The errors occur at seemingly random time points, usually around 1-3 minutes into Linux uptime, and the message contains PIDs of seemingly random userspace programs.
crash_message.txt (5.0 KB)
The sporadic crashes occur with some Jetson modules reproducibly (after a random number of reboots), on some others not at all.
We have also confirmed the dependency on the specific modules by cross-exchanging the modules and carriers in scenarios like this:
Jetson “A”, carrier “A” → crashes occur
Jetson “B”, carrier “B” → No crashes
Jetson “A”, carrier “B” → crashes occur
Jetson “B”, carrier “A” → No crashes

We have lists of serial numbers for at least 4 Jetson modules that are prone to crashes, and another 4 that run without such issues. I gave those lists to our Nvidia contact person who suggested that I write this forum post.
We see a correlation between the crashes and silkscreen printing on the Jetson PCBs. Maybe the correlation is just a coincidence but those modules that are prone to crashes all have a “A13” printed on them (e.g. “180-13767-DAAA-A13”), and all of those having a “A23” there (i.e. “180-13767-DAAA-A23”) run without issues. However, there are also modules labelled with “A13” and still not showing the crashing issue.
We have seen the PCN210361 announcing the change of DRAM in the BOM. According to that document it should be sufficient to use BSP 36.1 from Jetpack 6.0 for achieving the compatibility with all board versions, and we use Jetpack 6.1 with BSP v36.4.0.
We have been using modules with both of the two marking variants without the DRAM part encoded in the 2D barcode, and those with this information - according to PCN210341. In our observations, only those modules were affected that did not have the DRAM information in the barcode.

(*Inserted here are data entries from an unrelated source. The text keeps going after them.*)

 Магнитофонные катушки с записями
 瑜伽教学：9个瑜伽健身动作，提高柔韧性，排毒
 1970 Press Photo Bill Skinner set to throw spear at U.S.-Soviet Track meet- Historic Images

Thanks in advance for any hint that could lead us to a solution!

nagesh_accord · April 8, 2025, 10:24am

For r R36.3.0, it’s kernel version is 5.15.120 officially ?

alexander.knaub · April 8, 2025, 11:18am

Yes, and for R36.4.0 it is 5.15.148.
We made use of the “Bring your own kernel” option though and applied the necessary patches, in accordance with this reference: Bring Your Own Kernel — NVIDIA Jetson Linux Developer Guide 1 documentation.

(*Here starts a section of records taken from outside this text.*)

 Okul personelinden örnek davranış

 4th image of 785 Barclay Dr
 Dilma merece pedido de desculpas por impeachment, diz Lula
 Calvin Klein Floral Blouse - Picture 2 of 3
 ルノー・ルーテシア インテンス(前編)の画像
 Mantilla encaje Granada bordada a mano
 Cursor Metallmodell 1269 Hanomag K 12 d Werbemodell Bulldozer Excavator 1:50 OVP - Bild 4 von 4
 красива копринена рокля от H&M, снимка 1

kurt.kiefer · April 10, 2025, 2:35am

Just chiming in here to say I’ve got the exact same problem (some boots are ok, some are randomly crashy, always starting with allocation fails downstream of nvgpu), and also on an Orin NX 8GB module with both kernels 6.6 and 6.12 on top of 36.4.0. I don’t see this with an Orin AGX 64GB or with NVIDIA’s 5.15 kernel.

I’ve got two NX modules on my desk, one is an A13 (the one that crashes), the other is an A23, - that’s a 16 GB module. I’m set up only for the 8 GB module SKUs, so I haven’t been able to test the 16 GB module yet.

kurt.kiefer · April 14, 2025, 3:41pm

Update: I also wasn’t able to reproduce this issue with the A23 (16 GB) Orin module. It’s only a problem on the 8 GB Orin module.

alexander.knaub · April 14, 2025, 3:54pm

Hello!

We have some more insights now, which I’d like to share.

The crashes also occur on some Orin 8GB modules with an “A23” in the silkscreen label.
Still, the crashes still seem to occur only on a subset of the modules.
I have built a Kernel 6.6. with some memory-related debugging options, including the kernel address sanitizer (KAZAN).
Now, during each startup on a affected Orin module, a bug report is printed by KASAN, see attached kazan_bugreport.txt
kasan_bugreport.txt (4.8 KB)

This bugreport is not printed on an Orin module that is not prone to kernel crashes reported on the original post.

BUG: KASAN: slab-out-of-bounds in nvgpu_gr_config_init+0x1468/0x1df8 [nvgpu]
[   17.210205] BUG: KASAN: slab-out-of-bounds in nvgpu_gr_config_init+0x1468/0x1df8 [nvgpu]
[   17.211220] Write of size 8 at addr ffff000090c5bf40 by task nvpmodel/934
[   17.211414] 
[   17.211462] CPU: 0 PID: 934 Comm: nvpmodel Tainted: G           O       6.6.23-<our_kernel_branch> #1
[   17.212944] Hardware name: <Our machine> with Orin NX 8 GB/Jetson, BIOS v36.4.0 10/01/2024
[   17.217289] Call trace:
...
[   17.241437]  nvgpu_gr_config_init+0x1468/0x1df8 [nvgpu]
[   17.246687]  gr_init_support_impl+0x120/0x6a8 [nvgpu]
[   17.251850]  nvgpu_gr_init_support+0x148/0x348 [nvgpu]
...
[   17.489325] The buggy address belongs to the object at ffff000090c5bf38
[   17.489325]  which belongs to the cache kmalloc-8 of size 8
[   17.501050] The buggy address is located 0 bytes to the right of
[   17.501050]  allocated 8-byte region [ffff000090c5bf38, ffff000090c5bf40)
...

I have tried to track the origin of the reported issue, and it looks like it occurs in this line
https://nv-tegra.nvidia.com/r/gitweb?p=linux-nvgpu.git;a=blob;f=drivers/gpu/nvgpu/common/gr/gr_config.c;h=c86bba610c6b1aa57da81824a0128a104e3cd0ae;hb=8a0a5345705e069e398a79dbcba96c5db54a37f1#l699
(apparently same code in BSP 36.4.0 and 36.4.4)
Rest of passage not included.